Pero donde más hay que emplear el lenguaje gestual es cuando se actúa ante el tribunal del jurado. Confieso que tengo un amplio repertorio de ojitos, levantadas de ceja y aspavientos con los que trato de comunicarme con los miembros del jurado. Que a veces tampoco pueden dominar el suyo, y sueltan más de un bostezo, por cierto, especialmente si están atendiendo a periciales complicadas. Cosas de la vida toguitaconada.
Aunque es verdad que a veces los gestos nos traicionan. Es difícil contener las ganas de levantarse la toga y dar vueltas por la sala de vistas abrazando a todo bicho viviente cual estrella balompédica cuando el testigo resulta fantástico a nuestros intereses o nos notifican una sentencia favorable en un asunto complicado. Y también es difícil disimular las ganas de volvernos invisibles cuando sucede lo contrario.
Por último, no podemos olvidar a nuestros protagonistas.
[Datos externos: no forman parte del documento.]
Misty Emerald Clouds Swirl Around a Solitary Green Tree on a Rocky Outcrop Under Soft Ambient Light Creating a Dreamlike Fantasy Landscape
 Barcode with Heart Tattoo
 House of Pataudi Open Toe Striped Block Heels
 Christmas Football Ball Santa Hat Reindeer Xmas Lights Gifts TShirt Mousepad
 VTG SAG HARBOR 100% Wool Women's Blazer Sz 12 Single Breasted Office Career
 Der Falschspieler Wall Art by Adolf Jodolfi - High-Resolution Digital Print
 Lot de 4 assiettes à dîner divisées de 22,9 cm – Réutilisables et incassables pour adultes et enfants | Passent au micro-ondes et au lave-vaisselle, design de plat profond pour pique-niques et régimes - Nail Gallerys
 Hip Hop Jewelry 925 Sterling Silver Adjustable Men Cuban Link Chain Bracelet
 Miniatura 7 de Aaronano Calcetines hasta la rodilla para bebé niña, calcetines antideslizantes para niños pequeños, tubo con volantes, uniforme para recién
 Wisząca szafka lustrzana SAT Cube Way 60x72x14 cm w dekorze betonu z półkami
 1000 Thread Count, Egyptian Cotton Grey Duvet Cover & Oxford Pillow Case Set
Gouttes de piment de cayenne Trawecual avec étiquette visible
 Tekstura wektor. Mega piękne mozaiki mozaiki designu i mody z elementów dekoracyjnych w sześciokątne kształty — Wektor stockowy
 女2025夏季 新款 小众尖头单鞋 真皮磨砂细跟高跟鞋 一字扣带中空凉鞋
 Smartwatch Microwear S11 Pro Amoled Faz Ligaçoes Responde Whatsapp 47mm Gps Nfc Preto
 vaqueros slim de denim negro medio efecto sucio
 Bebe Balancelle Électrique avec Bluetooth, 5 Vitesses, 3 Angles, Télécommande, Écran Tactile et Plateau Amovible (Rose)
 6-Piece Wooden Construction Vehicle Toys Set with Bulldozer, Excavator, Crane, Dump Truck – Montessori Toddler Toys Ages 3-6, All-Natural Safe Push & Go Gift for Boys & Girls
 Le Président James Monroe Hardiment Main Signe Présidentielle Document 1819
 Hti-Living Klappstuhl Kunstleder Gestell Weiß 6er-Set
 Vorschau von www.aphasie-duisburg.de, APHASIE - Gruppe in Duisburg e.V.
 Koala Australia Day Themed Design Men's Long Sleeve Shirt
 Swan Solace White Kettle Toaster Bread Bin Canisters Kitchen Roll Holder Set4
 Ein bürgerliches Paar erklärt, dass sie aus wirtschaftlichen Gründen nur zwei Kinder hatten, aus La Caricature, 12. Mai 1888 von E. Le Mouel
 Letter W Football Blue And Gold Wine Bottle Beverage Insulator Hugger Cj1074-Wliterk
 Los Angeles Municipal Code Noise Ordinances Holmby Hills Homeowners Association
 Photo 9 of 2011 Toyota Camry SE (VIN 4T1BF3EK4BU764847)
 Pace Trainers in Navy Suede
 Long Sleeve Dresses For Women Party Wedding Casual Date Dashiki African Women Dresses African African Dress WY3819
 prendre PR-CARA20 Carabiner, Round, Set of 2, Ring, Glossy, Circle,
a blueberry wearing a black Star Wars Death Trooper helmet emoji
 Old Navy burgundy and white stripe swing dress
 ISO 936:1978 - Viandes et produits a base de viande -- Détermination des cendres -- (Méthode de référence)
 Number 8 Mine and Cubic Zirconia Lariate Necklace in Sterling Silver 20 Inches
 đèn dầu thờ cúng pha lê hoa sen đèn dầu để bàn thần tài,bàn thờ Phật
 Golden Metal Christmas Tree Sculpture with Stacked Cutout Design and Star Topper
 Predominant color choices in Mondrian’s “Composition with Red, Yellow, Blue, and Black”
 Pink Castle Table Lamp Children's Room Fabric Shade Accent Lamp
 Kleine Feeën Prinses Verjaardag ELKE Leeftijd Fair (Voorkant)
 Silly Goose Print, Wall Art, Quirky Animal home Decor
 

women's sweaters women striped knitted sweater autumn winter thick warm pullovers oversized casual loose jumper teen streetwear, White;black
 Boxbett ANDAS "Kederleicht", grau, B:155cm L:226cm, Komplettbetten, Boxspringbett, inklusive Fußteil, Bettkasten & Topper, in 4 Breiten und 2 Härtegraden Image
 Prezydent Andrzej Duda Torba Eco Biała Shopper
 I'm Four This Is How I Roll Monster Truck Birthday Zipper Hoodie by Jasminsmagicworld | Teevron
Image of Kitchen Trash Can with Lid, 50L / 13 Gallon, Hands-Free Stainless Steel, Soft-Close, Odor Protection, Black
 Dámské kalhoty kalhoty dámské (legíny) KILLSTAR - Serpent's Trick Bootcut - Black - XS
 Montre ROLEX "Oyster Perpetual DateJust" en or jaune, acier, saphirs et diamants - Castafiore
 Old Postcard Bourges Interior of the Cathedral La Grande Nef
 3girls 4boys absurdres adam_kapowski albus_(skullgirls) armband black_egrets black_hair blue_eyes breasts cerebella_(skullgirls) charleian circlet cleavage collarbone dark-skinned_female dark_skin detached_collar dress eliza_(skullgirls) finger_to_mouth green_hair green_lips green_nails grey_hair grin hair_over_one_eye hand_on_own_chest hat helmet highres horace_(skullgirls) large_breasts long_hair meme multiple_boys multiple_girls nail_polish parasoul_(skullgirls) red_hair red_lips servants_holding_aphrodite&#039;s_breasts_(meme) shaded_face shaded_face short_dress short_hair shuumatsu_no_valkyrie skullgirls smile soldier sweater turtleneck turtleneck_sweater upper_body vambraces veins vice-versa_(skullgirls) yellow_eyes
La expresión de la víctima y su modo de transmitir credibilidad o lo contrario pueden ser determinantes. Como puede serlo también la cara del acusado, en particular cuando se le mira fijamente a los ojos, ejercicio que suelo poner en práctica. Y también reconozco que algunas miradas han llegado a darme escalofríos y hasta acompañarme en alguna pesadilla. Pero eso también son cosas de la vida toguitaconada.
Así que hoy en vez de aplauso, trataré de comunicarme de manera no verbal con una enorme sonrisa. Dedicada a todos aquellos que, con sus gestos, saben hacernos más agradable el trabajo. Que a veces cuesta mucho.